BLINK AND YOU'LL MISS IT

They've been sticking cameras in phones for a long time now.

I guess the theory was you don't always remember to take your camera, but you usually have your phone with you. Heaven forbid you should have to actually REMEMBER something for yourself - you know, with your actual BRAIN.

Those first cameras were pretty crappy of course. Combine a low-res image with a lens covered in fingerprints and pocket-fluff and the resulting photo effect was usually fairly blurry and indistinct. Now I think of it, pretty much like most of the images out there on Instagram.

Oh how things have changed. Now if your phone doesn't boast at least as many megapixels as your real camera, it's time to upgrade. Oh, and just one camera isn't enough of course - obviously you need a camera on both sides these days. (Don't ask me why, you just DO, okay?)

So this week, it's a camera-off between the Samsung Galaxy SIII and the Nokia Lumia 820. (The Lumia 920 has the same camera as the 820, and I only have 2 hands!) I decided to put them to the ultimate test; my daughter's 12th birthday...


What you need to understand here is, birthdays only happen once. Oh, sure you have one every year, but never the same one. That means, after weddings, they're about the most important event to save for posterity - photographically speaking.

If I'm being completely honest with you, I have literally no idea what most of the camera functions do on either of these phones. I just want to take a half decent pic. Luckily, phones are now so smart, they cater for total know-nothing bozos like me.

The solution seems to be something the Galaxy calls "Burst Shot" and the Nokia calls "Blink." This is the setting that takes about a dozen pictures at once so you can choose the best one. I found it a bit fiddly to work on the Galaxy, although it told me how to do it as soon as I started the camera. I was instructed to tap then hold down the camera button, which I got right about 75% of the time. I later discovered I could have put the camera into Burst Mode under the shooting mode menu, but the S3 just loves its fancy little shortcuts.
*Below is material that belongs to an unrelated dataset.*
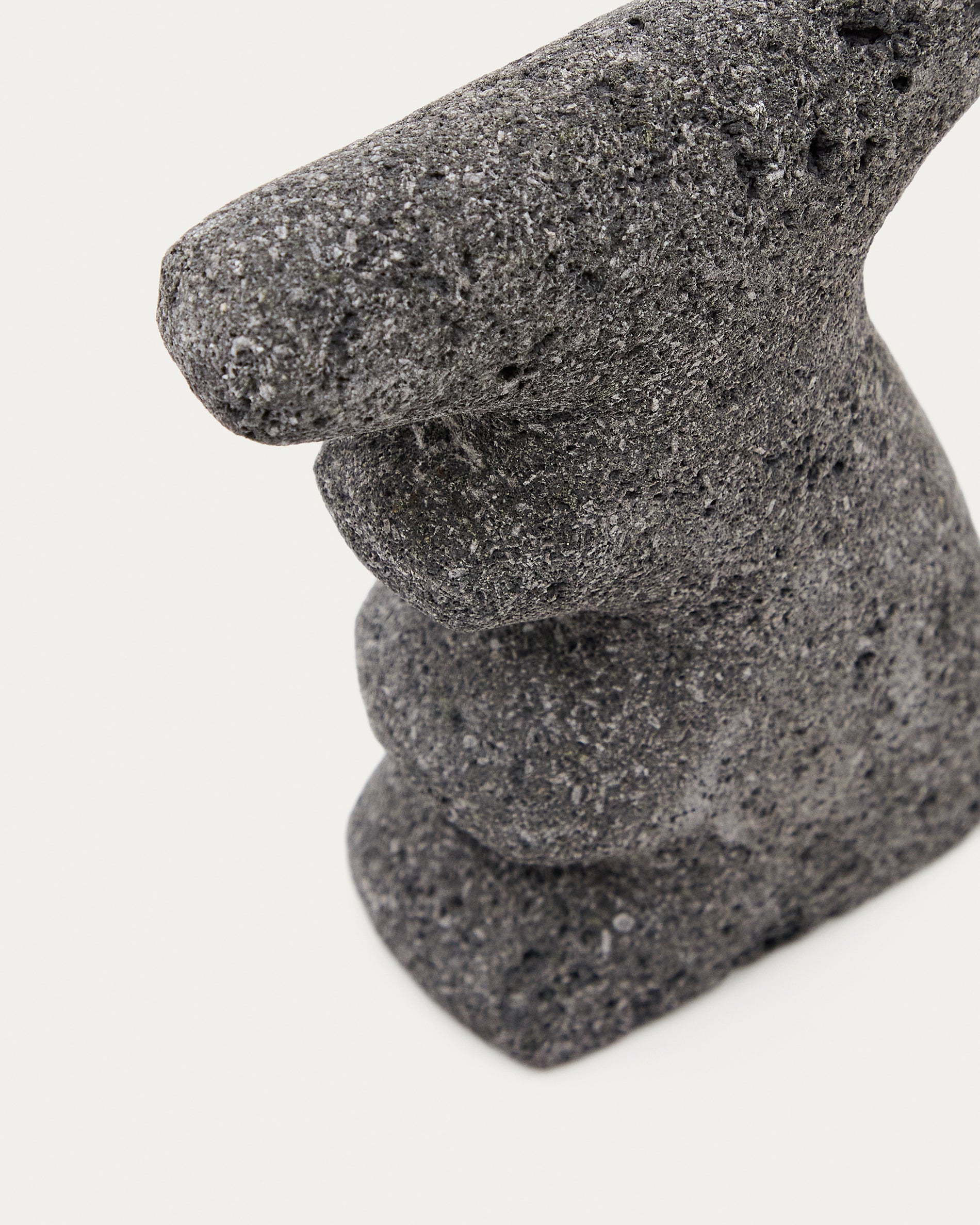 Arif set of stone sculptures in a beige and black finish, 12 cm / 23 cm - Detail
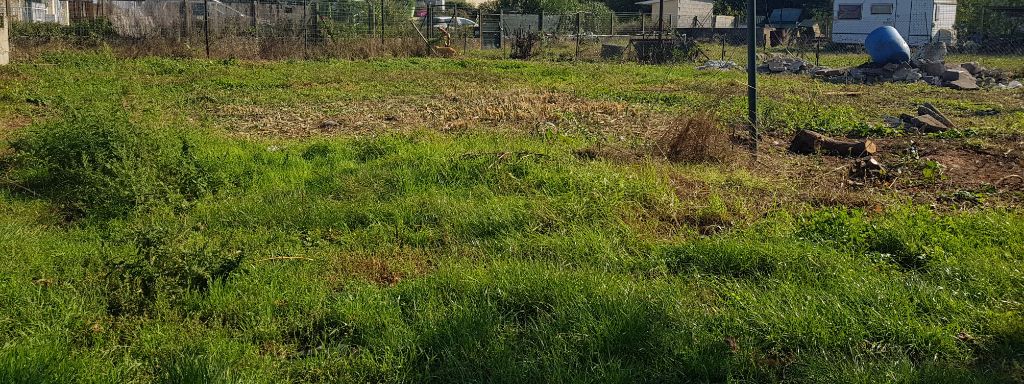 Corbas (69960) Terrain à bâtir d'env. 350m² , Au calme, proche toutes commodités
The thing I like about the Nokia's camera is you can start it up by holding down the dedicated camera button - even from a locked screen. Then you just touch the "Lenses" option, select "Blink" and you're away.

The results? The same. The colours are maybe a little more vibrant through the Nokia's Carl Zeiss lens, but there's really not much in it. I'm giving this round to Samsung though because once you've taken your burst of shots, the S3 picks what it thinks is the best one and puts a Facebook-like thumbs-up sign on it for good measure.

That's what I need from my phone, I want it to do my thinking for me.